Start of Data for the task
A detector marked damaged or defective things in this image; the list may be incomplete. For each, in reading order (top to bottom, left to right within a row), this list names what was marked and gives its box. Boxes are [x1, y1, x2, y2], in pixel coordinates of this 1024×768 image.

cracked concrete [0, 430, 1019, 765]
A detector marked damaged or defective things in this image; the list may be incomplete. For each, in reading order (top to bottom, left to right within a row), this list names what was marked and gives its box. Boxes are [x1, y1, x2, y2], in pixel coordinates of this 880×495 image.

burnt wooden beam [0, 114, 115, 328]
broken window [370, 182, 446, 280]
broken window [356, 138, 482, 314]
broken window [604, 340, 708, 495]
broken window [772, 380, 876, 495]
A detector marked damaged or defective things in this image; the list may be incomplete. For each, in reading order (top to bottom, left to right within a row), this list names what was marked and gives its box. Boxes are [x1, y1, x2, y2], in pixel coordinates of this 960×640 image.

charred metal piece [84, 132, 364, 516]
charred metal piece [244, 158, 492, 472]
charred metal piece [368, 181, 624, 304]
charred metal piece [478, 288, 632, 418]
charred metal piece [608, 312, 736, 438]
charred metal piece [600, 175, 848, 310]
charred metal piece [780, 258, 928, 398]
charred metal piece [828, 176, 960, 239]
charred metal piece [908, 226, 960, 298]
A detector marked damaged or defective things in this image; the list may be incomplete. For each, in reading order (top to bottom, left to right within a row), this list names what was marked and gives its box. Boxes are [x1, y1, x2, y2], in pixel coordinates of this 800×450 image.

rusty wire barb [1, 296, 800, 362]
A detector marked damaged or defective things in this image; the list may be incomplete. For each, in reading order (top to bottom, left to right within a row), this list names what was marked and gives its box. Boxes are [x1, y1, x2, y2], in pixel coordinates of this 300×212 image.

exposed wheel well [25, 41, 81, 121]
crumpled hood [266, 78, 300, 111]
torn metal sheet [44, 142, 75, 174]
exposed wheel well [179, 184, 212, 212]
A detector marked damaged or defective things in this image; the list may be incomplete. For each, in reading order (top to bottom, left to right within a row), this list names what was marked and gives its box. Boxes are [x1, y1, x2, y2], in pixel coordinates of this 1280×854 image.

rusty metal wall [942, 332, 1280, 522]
End of Data for the task
What should come out is the exact run of lines from the one holding "this 800×450 image." through the end of the records above, and nothing besides.

# Exercise response
A detector marked damaged or defective things in this image; the list may be incomplete. For each, in reading order (top to bottom, left to right within a row), this list names what was marked and gives its box. Boxes are [x1, y1, x2, y2], in pixel coordinates of this 800×450 image.

rusty wire barb [1, 296, 800, 362]
A detector marked damaged or defective things in this image; the list may be incomplete. For each, in reading order (top to bottom, left to right within a row), this list names what was marked and gives its box. Boxes are [x1, y1, x2, y2], in pixel coordinates of this 300×212 image.

exposed wheel well [25, 41, 81, 121]
crumpled hood [266, 78, 300, 111]
torn metal sheet [44, 142, 75, 174]
exposed wheel well [179, 184, 212, 212]
A detector marked damaged or defective things in this image; the list may be incomplete. For each, in reading order (top to bottom, left to right within a row), this list names what was marked and gives its box. Boxes are [x1, y1, x2, y2], in pixel coordinates of this 1280×854 image.

rusty metal wall [942, 332, 1280, 522]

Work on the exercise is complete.